Khan is unfortunately right on the basics. Releasing prisoners to homelessness is one of the key drivers of reoffending. Exit from prison is the high point of vulnerability for recurrent criminality, though you’d be forgiven no sympathy after seeing inmates released early cavorting around outside HMP Wandsworth and Nottingham yesterday with bottles of bubbly.
Not content with housing people in jail conditions you’d hesitate to put livestock in, a national service stripped of any capacity to reform short term prisoners also marinates them in drugs and violence before propelling them out the door with no fixed abode – to community supervision that is already on its knees. Such prisoners, leaving jails with a tent and a sleeping bag if they are lucky, have reoffending rates running at close to twice that of those leaving to stable accommodation.

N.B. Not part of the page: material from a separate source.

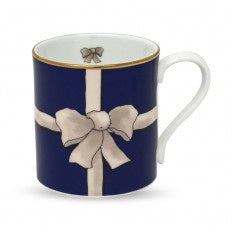 halcyon Days - Ribbon Mug Blue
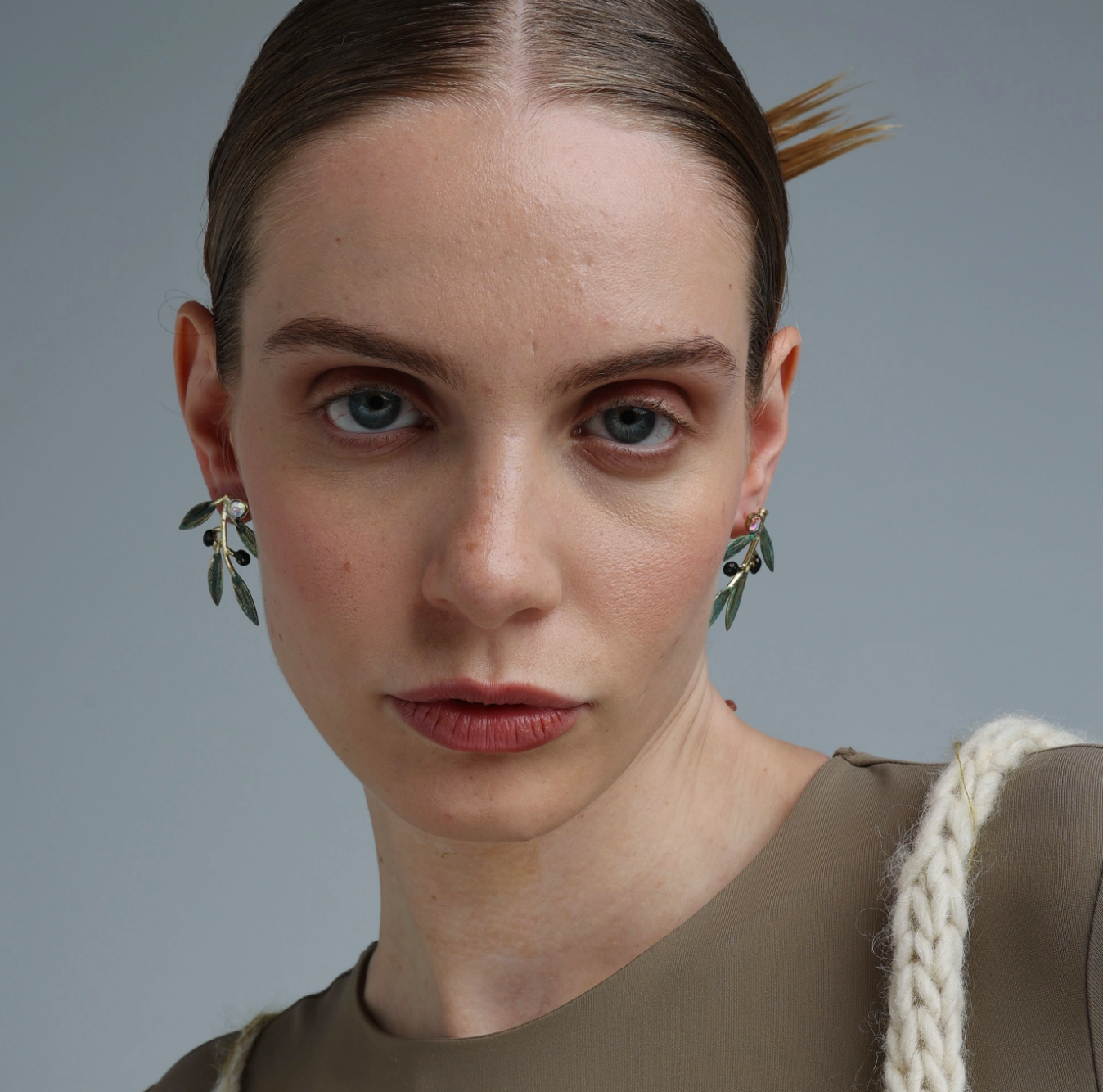 Olivine Earrings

There is an acute lack of specialist probation hostel accommodation for the most risky offenders in London too, and as a recent BBC Panorama investigation found, not all of this is protecting the public adequately. There is undeniably a public safety concern in letting such people wander through London essentially unsupervised.
Reoffending means more victims. There are, we now know, offenders who have a background of domestic or sexual violence among the released because their index offence at the time emergency release came in was not connected crimes that would otherwise have excluded them. Plenty of people who have committed serious violence get prison sentences of less than four years.

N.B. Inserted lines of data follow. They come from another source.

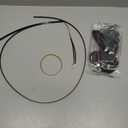 Upgraded Dreamcolor Acrylic Car Interior Lights RGB LED Strip Lights APP Control Zoned Control System 252 Color Modes DIY Fiber Optic Ambient Lighting Kits 2 in 1 Music Car Neon Lights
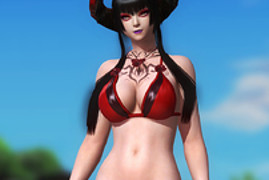 Naotora or Nyotengu as Eliza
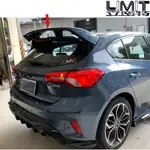 LIMIT- FORD 福特 FOCUS MK4 ST 5門車 RS款 上尾翼 改裝配件 後擾流 烤漆 卡夢 2019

Still, the ethical case for making such people wait at the back of the housing queue for others who play by the rules is very strong. The dehumanising experience of living in damp, mouldy multi-occupancy temporary accommodation often shared with children whose mental and physical health is suffering has been well documented. Why should innocent people be made to wait longer for what most of us take for granted – somewhere safe to live?
The Mayor’s true failings come from allowing this miserable housing war to form in the first place. Repeated targets on social housing for London have been set and then breached, with accusations of blatant sophistry featuring in the last election. Khan’s principal opponent Susan Hall accused him of conflating ground cleared for building with actually built homes to boast about “smashing” government targets: “You can’t live in holes in the ground”.
Protecting the public is the first duty of Government. The state must ensure that the prison and probation service are fundamentally reformed and properly resourced to keep citizens safe. For his part, the Mayor of London might be well advised to focus on actually starting to build houses to stop this morally dubious trade-off between criminals and homeless families.